To send a message to residents and state lawmakers amid a spiraling drug crisis and rampant homelessness, the city council in Portland, Oregon voted unanimously Wednesday to approve an emergency ordinance banning the use of hard drugs in public.
The emergency ordinance amends the city code that already prohibits the open consumption of alcohol and marijuana in places like public parks and on sidewalks to also include hard drugs like heroin, fentanyl, and methamphetamines.
But the vote was mostly symbolic because of Measure 110, the ballot initiative approved by voters in 2020 that decriminalized user amounts of street drugs, like heroin, fentanyl, and methamphetamines, and that forbids local governments from regulating their use. State lawmakers would have to change the law for Portland to act on its ordinance.
Mayor Ted Wheeler had floated a similar crackdown on public use of hard drugs over the summer, but temporarily backed down. At the start of Wednesday afternoon’s meeting, he said he hoped the council’s actions would “inspire” state lawmakers to take the drug crisis seriously.
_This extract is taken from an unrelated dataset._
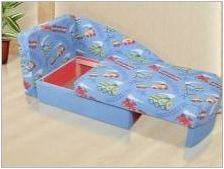 Детски сгъваеми дивани: Видове механизми и правила за избор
“The last time I saw someone consuming what I believe to be fentanyl publicly on our streets was less than five minutes ago, three blocks from city hall,” he said. “This is a significant issue.”
Commissioner Rene Gonzalez, who has expressed a desire to send a message to the nation that Portland is working to improve public safety in the city, said Tuesday that the emergency ordinance was intended to send a message to Portland residents.
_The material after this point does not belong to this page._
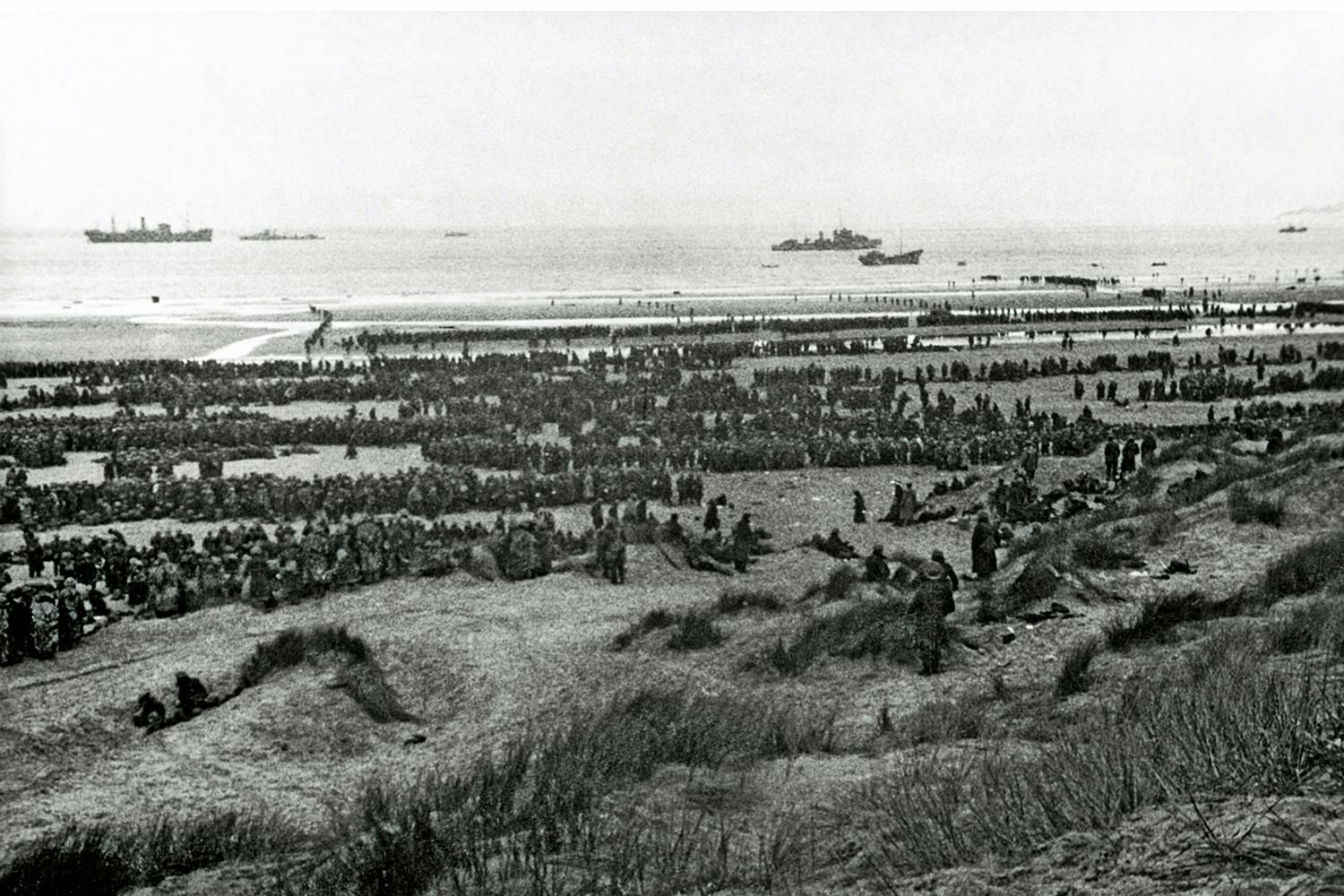 dunkerque evakuering soldater strand 1940 dunkerque evakuering soldater strand 1940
“We’ve heard you. You’re exhausted with open-air drug use, and you’re demanding action,” he said. “The decriminalization of hard drugs was never supposed to mean open use, acquiescence to violence, to crime. It was never supposed to be no available ambulances for those suffering a heart attack or stroke. Yet, every day in the city of Portland we face that risk.”
In addition to passing the emergency ordinance, the council also unanimously passed a resolution calling for city staffers to work with state and local partners to develop plans to regulate public drug consumption and to develop drug-treatment resources.
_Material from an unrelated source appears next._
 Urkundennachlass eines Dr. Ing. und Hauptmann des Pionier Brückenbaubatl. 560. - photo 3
Wednesday’s vote comes after a poll last month found that a clear majority of voters support repealing Measure 110 in full or repealing portions of the law to allow for the restoration of penalties for drug possession. The poll backed up reporting by National Review published in August about the declining support for the fledgling drug decriminalization effort in Oregon.
Measure 110, or the Drug Addiction Treatment and Recovery Act, was passed with 58.5 percent of the statewide vote in 2020. Proponents, led by the George Soros-funded Drug Policy Alliance, spent millions of dollars promoting the initiative.
Advocates promised a new, progressive approach to addressing drug addiction, saying that people with substance-abuse disorders “need adequate access to recovery services, peer support and stable housing.” And, advocates said, drug addicts need treatment “through a humane, cost-effective, health approach,” not to be treated like criminals.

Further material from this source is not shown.